A dual-GPU setup question for faster local AI models
A user says they are running local AI models with a 12GB 3080 Ti and a 20GB 3080. They report that speed changes a lot depending on whether the model data and KV cache fit inside GPU memory. After changing cache settings so more data stayed in GPU memory, speed rose from about 20t/s to 70t/s.
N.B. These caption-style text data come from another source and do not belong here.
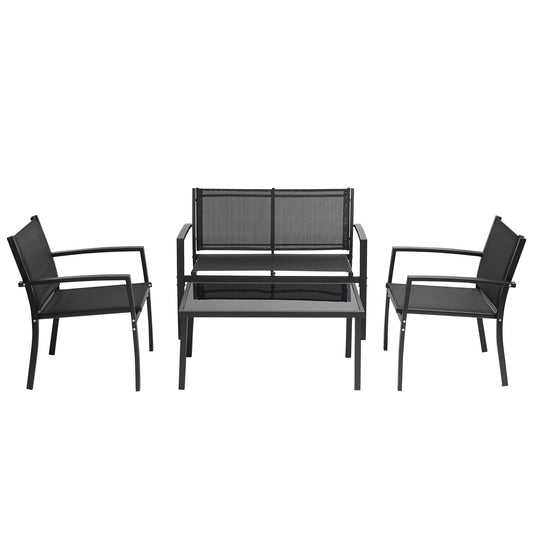 4 Piece Patio Conversation Set, Black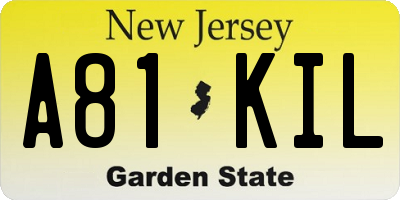 NJ license plate A81KIL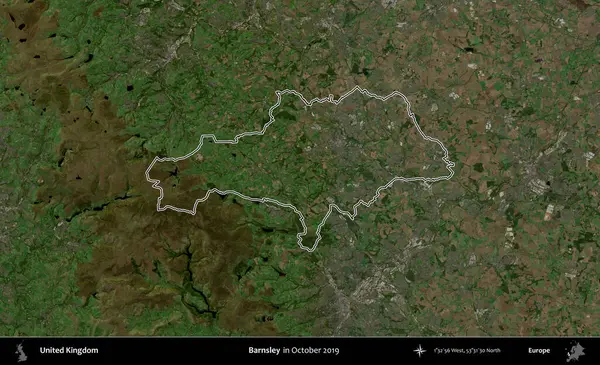 Barnsley. Ekim 2019 'da çekilen Kopernik Nöbetçi karolarından oluşan bir uydu görüntüsü üzerinde Birleşik Krallık' ın idari alanının ana hatlarını belirledik.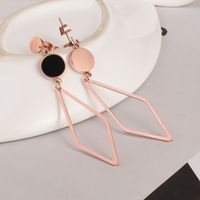 Fashion Geometric Triangle Round Card Pendant Titanium Steel Earrings Wholesale main image 4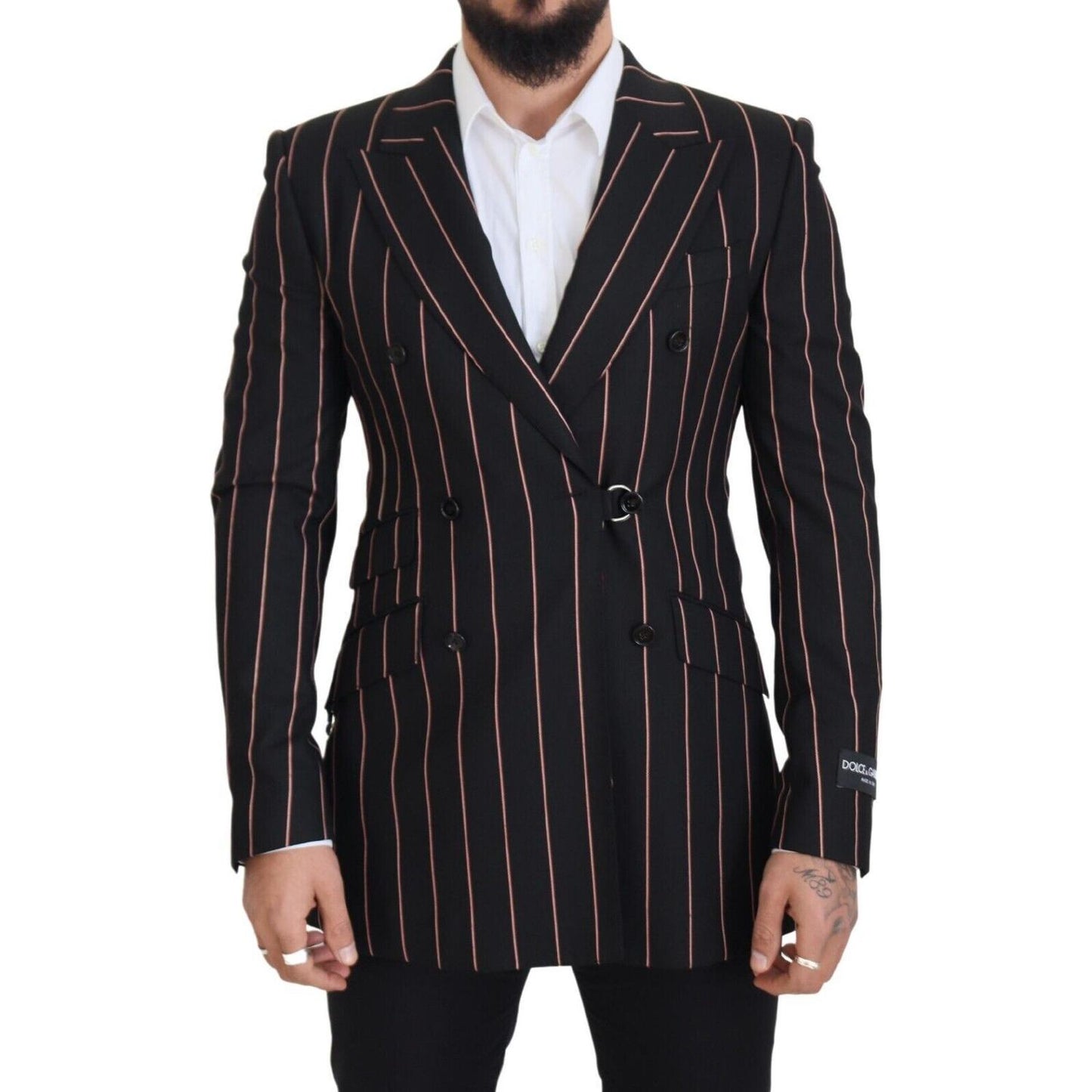 Dolce & Gabbana Dark Gray Stripes Viscose Double Breasted Blazer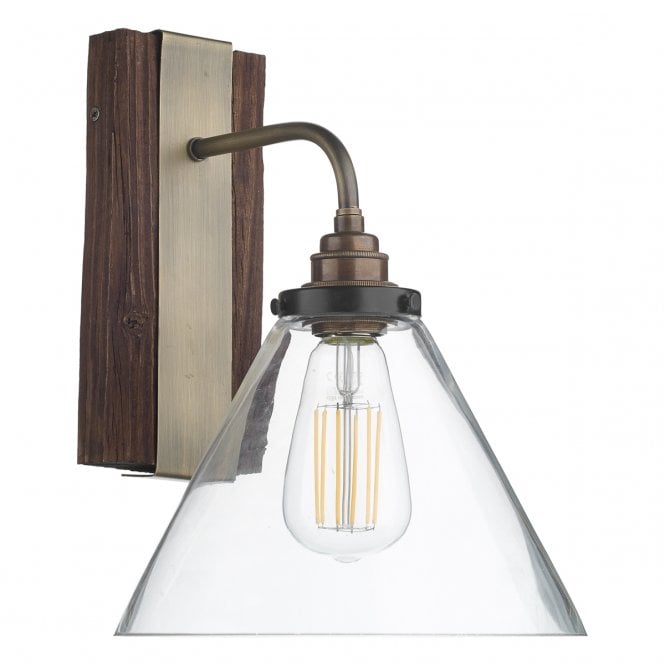 David Hunt Lighting Aspen 1 Wall Light In Natural Wood Effect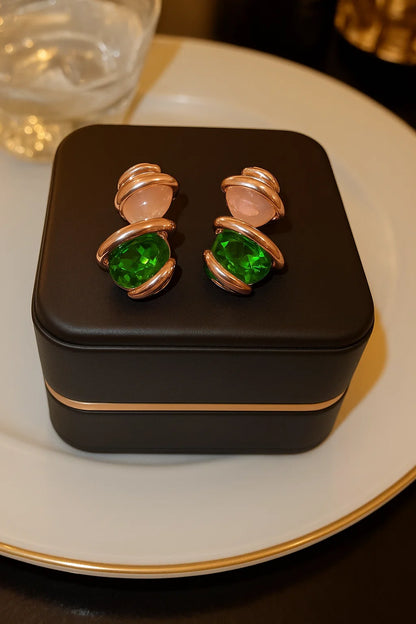 Green Aura Pearl Studs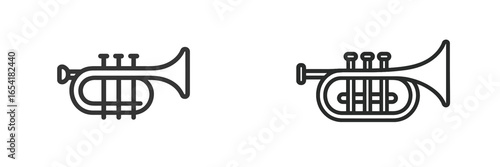 Minimalist vector illustration of two trumpet designs in monochrome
The user asks for advice on using two uneven GPUs together.
Key points
- The user is using two different GPUs: one with 12GB memory and one with 20GB memory.
- They say performance improves when the model data and KV cache fit in GPU memory.
- Changing cache settings reportedly raised speed from about 20t/s to 70t/s.
- Changing split mode and main GPU settings did not make much difference for them.
- The main question is whether a 17GB model file can need much more memory during inference.
Quick term guide
- local AI models
- AI programs that run directly on your computer hardware instead of over the internet.
- local AI model
- An AI model that runs on your own computer or company hardware instead of a cloud service.
- AI models
- The core brain or underlying program that powers an artificial intelligence tool.
- AI agents
- AI agents are AI tools that can carry out steps toward a goal, not just answer once.
- local models
- AI models that run on your own computer or device instead of a company server.
- local model
- An AI model you run directly on your own computer, with no internet connection or external service needed.
- performance
- How fast and smoothly a site loads and works.
- inference
- The step where a trained AI model actually produces answers or results in real use.